The best kind of interview is one where you have nothing to lose. Maybe you already have a job, maybe you're collecting unemployment, maybe you just found out that this place is too long a commute for you. If you don't want the job all that bad, it's easier to relax during the interview. Under these circumstances, you can take it easy and even turn the tables on them a little. If the interviewer is the person that would be your supervisor, you can try to decide whether the person is a prick or not, saving yourself the hassle of taking a job working for an asshole, whereupon you'd be relegated to more job hunting and going to interviews again.

With some interviews, you can tell you're wasting your time as soon as you walk in the door. Here's one tip: You're already screwed when the person who was supposed to interview you "isn't available" so they have some poorly prepared underling interview you instead. I've had this happen several times, and next time there will be no interview. I've been through enough of this to know that I'm already out of the running when they pull that ****.

I've held six different Internet Technology-related jobs over the past year. I quit two, got laid off of two, and was fired once. I've been to something like 50 interviews during that time. I've had interviews that I thought went great, but then I wound up not getting hired. I've had interviews that I thought went poorly, and was promptly offered the job. But a few stand out.

There was one with an Internet startup company called BuySellBid.com. I was walking through a presentation of my work to three managers there in a conference room. About halfway through this, the main interviewer, a frowning jerk named Porter (with a first name like that, no wonder he grew up to be a ****head), asked, "Didn't you send us a resume about a week ago?" I hadn't. But his question inferred that someone with the same skill set had sent him a resume last week, and obviously, he must have thrown the resume in the trash, because the job was still open. So there was no reason for me to even be there. Complete asshole.

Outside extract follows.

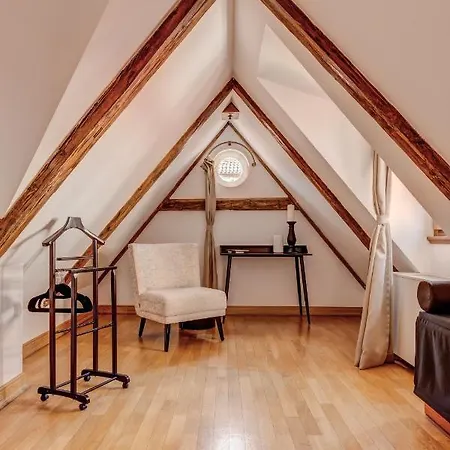 Hotel Nerudova 211 Praag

Some companies are so large, and their hiring process so ponderous, that you wonder how they'll ever hire anyone. I applied for a position with ODS Blue Shield, a local HMO, after seeing an ad in the paper. It took them a whole month to call me. During the initial interview, which took an hour and a half, I found out that I was the first to be interviewed, and that it would be two weeks before I would even know if I had made the first cut or not! By the time I got their rejection notice, I was working another job. A couple of weeks later, they put the exact same ad in the paper again, apparently having turned away every applicant from the first ad. No wonder healthcare costs are spiraling out of control.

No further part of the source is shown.